Israel's powerful Histadrut trade union said Ben Gurion airport will shut for four hours Sunday as part of a nationwide strike over plans by pharmaceutical giant Teva to shed employees.
The main road into the capital was temporarily blocked by protesters, but was soon reopened. Demonstrators blocked traffic at the entrance to Jerusalem outside the prime minister's office as the Cabinet was convening, and at the entrance to the Teva plant.

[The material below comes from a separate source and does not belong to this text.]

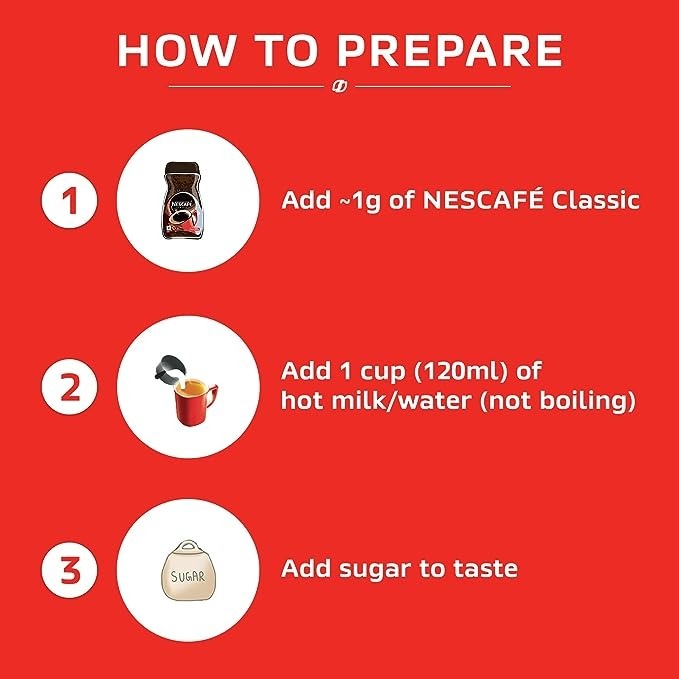 The Nutrition Facts of Nescafe Classic Coffee Large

President and CEO Kare Schultz said in a letter, "The plan will address a number of key areas, including the closure or divestment of a significant number of R&D facilities, headquarters, and office locations across all geographies". Last week, the chairman of Israel's Securities Authority said it will not allow companies whose value is dependent on the bitcoin to be included in the indices of the Tel Aviv Stock exchange. It started as an Israeli company and we want it to remain as an Israeli company.More news: The Cedar Realty Trust (CDR) Earning Favorable News Coverage, Report Finds
The world's largest generic drugmaker, and Israel's largest company, announced Thursday that it would slash 14,000 jobs worldwide, including at least 1,700 in Israel.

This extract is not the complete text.